Web
Services--A Manager's Guide. Last month I
suggested that someone do a comparative review of this new book
by Anne Thomas Manes and
my
latest book. Last week, I had the opportunity to meet Anne and
get a copy of her book. Rather than wait, here are my
own--admittedly biased--comparisons.
"A Manager's Guide," as the title suggests, is the perfect
pragmatic guide for managing a current web-services project. If you
want to know what works today, right down to the specific
products from individual vendors, Anne's book is the one to buy.
.NET versus Java? Which J2EE platform or UDDI registry server? The
current state of the basic protocols: SOAP, WSDL, UDDI? You'll find
the answers in one place. As with my book, there are no code
fragments or XML listings. It's for managers, not programmers. But
this book is the one to buy for your tactical requirements.

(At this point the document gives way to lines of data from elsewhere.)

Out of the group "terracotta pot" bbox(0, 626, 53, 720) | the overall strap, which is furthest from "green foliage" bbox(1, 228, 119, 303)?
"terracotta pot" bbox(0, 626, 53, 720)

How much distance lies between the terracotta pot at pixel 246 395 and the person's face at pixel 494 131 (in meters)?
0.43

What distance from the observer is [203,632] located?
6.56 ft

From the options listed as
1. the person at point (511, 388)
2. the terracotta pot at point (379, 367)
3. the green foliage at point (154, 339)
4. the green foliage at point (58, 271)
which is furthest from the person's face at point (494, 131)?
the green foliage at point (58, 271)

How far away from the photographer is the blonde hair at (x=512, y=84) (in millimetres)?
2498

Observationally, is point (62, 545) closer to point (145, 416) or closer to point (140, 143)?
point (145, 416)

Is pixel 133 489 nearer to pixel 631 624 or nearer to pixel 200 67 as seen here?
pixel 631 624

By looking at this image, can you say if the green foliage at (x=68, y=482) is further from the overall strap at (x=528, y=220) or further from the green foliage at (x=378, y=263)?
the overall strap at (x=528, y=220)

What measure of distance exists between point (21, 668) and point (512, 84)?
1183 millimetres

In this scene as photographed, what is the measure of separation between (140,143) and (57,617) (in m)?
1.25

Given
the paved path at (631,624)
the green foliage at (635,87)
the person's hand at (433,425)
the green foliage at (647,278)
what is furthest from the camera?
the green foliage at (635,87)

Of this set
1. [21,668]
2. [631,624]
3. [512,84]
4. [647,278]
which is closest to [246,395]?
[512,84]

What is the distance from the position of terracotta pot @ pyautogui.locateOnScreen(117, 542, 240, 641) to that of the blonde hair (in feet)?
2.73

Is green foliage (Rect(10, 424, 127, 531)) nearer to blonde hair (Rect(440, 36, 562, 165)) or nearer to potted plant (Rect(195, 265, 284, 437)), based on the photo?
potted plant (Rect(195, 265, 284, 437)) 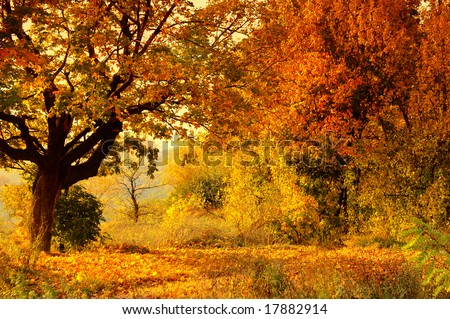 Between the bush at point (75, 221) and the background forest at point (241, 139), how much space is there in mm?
49

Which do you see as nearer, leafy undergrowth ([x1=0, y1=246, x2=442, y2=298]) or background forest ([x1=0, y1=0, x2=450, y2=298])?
leafy undergrowth ([x1=0, y1=246, x2=442, y2=298])

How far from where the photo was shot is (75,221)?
56.5 ft

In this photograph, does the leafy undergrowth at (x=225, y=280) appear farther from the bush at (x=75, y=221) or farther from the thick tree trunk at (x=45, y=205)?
the bush at (x=75, y=221)

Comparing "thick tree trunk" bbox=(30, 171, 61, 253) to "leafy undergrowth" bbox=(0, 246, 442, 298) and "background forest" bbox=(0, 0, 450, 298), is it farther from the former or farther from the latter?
"leafy undergrowth" bbox=(0, 246, 442, 298)

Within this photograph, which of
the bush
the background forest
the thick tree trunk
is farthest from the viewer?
the bush

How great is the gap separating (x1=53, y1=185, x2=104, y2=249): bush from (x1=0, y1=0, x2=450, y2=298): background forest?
49 mm

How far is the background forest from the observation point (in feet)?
34.7

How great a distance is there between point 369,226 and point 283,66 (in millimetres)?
6253

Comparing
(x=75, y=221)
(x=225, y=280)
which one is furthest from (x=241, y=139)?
(x=225, y=280)

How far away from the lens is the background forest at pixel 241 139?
10.6m

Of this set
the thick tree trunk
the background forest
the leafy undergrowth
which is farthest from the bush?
the leafy undergrowth

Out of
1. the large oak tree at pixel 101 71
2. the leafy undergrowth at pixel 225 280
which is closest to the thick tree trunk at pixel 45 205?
the large oak tree at pixel 101 71

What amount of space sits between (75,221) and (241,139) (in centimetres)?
549

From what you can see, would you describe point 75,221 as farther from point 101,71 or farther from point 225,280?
point 225,280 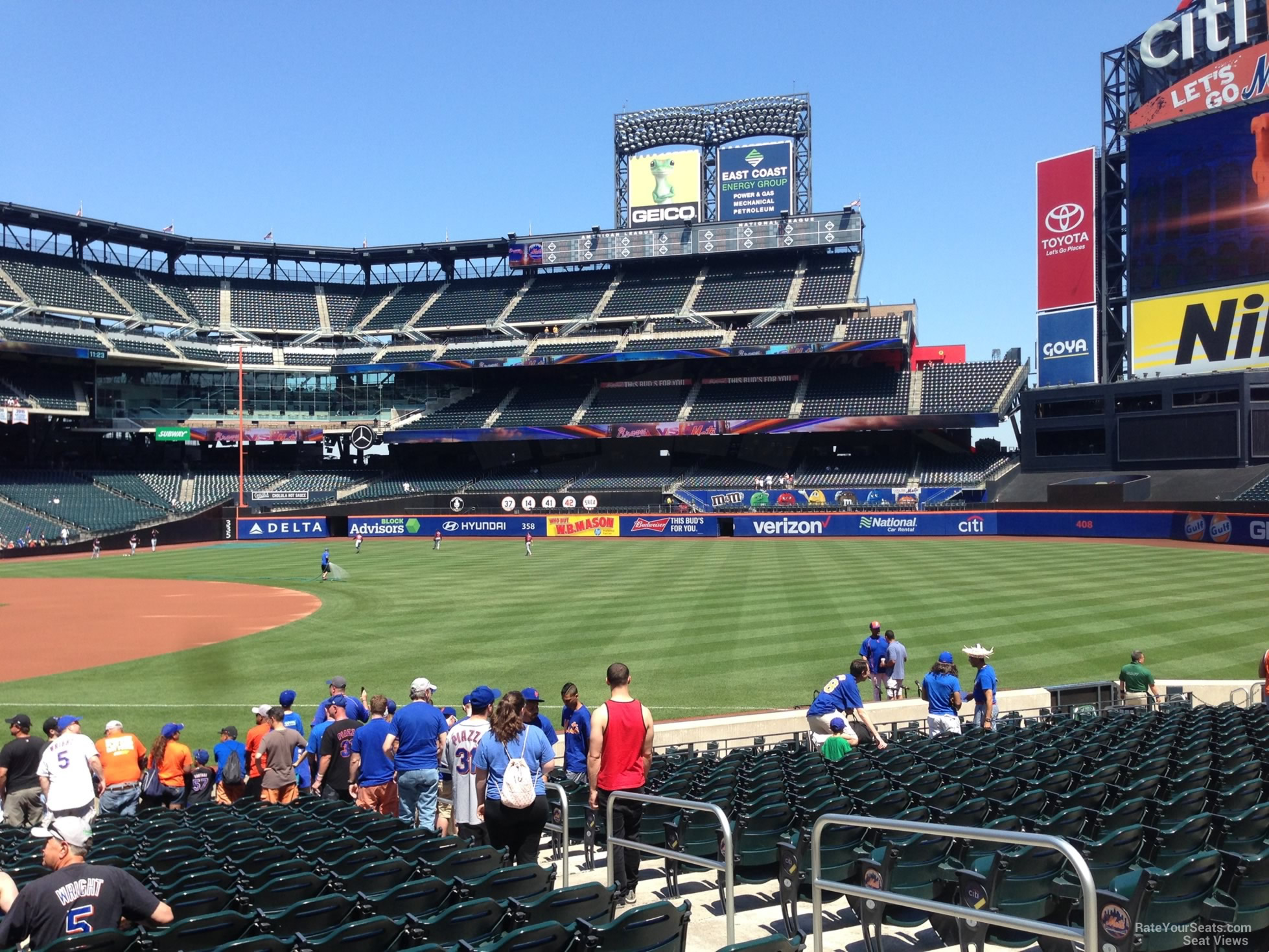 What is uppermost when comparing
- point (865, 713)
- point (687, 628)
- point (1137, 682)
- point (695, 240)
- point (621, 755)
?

"Loosely Coupled," on the other hand, takes a more strategic
view, and in a sense picks up where Anne's book leaves off. I don't
explain any of the protocols. In fact I rarely mention them by
name. I assume (a) you'll learn about them somewhere else (such as
from Anne's book), and (b) they'll change quickly anyway. Anne has
a 30-page chapter on "Advanced Web-Services Standards," which is
where my book kicks in. As the subtitle suggests, I look more
deeply at the missing pieces of web services: transactions,
security, reliable asynchronous messaging, orchestration and
choreography, QoS, contracts and other business issues,
infrastructure, and the big one: industry-specific semantics.

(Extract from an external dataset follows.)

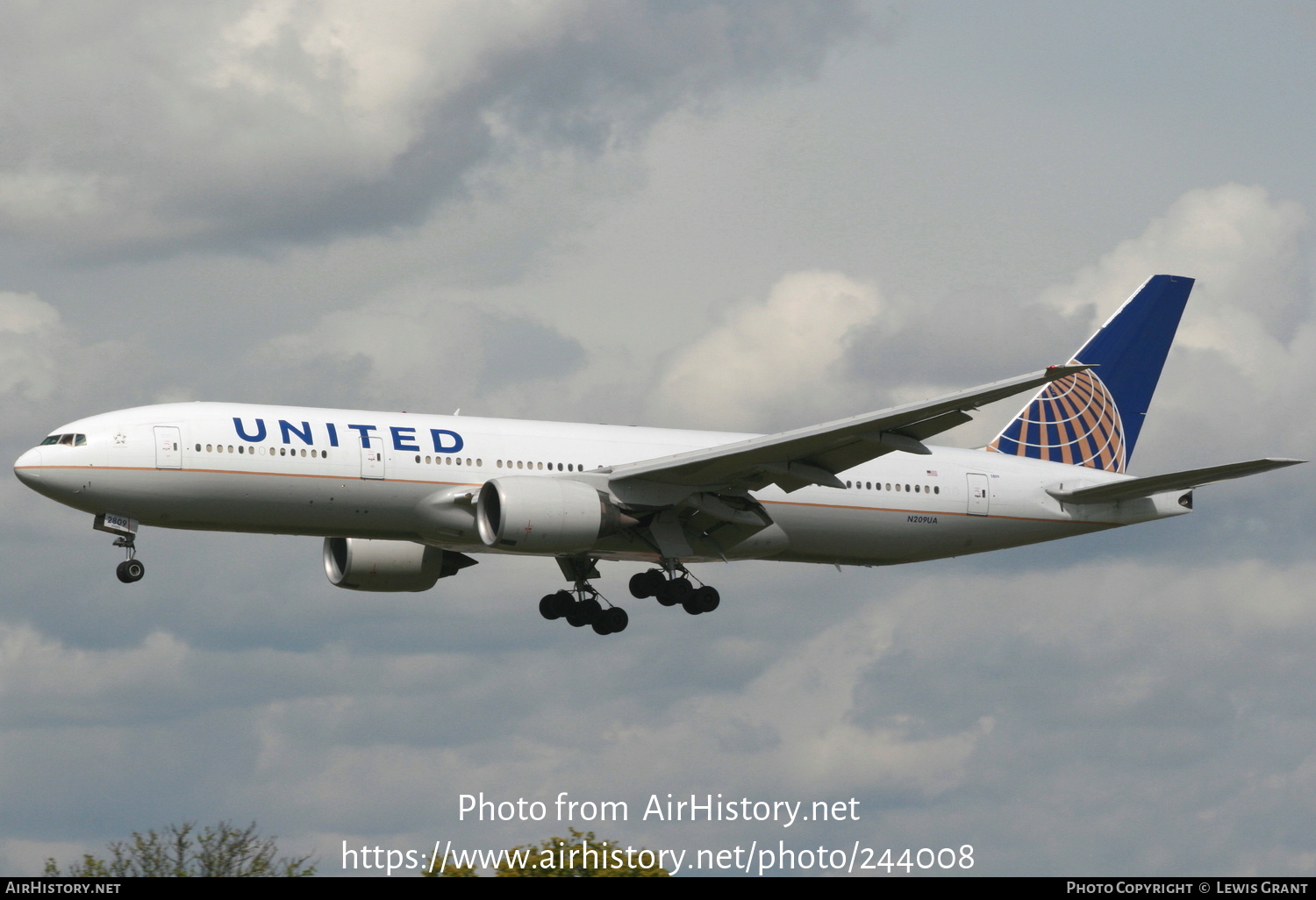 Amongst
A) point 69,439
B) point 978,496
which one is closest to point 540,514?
point 69,439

Both books cover the fundamental concepts of web services such
as service-oriented architectures. Anne, however, sees web services
as being fundamentally about application integration, which clearly
is the sweet spot today. I look at the issues surrounding
inter-organizational loosely coupled web services, taking a
longer-term and more strategic view. If you're thrust into managing
a web-services project, need to ramp-up quickly, select vendors and
products, and be able to communicate with your developers, buy
Anne's book. If you need to develop a long-term web-services
strategy for your organization, buy mine. In other words: buy them
both. I think you'll like the combination.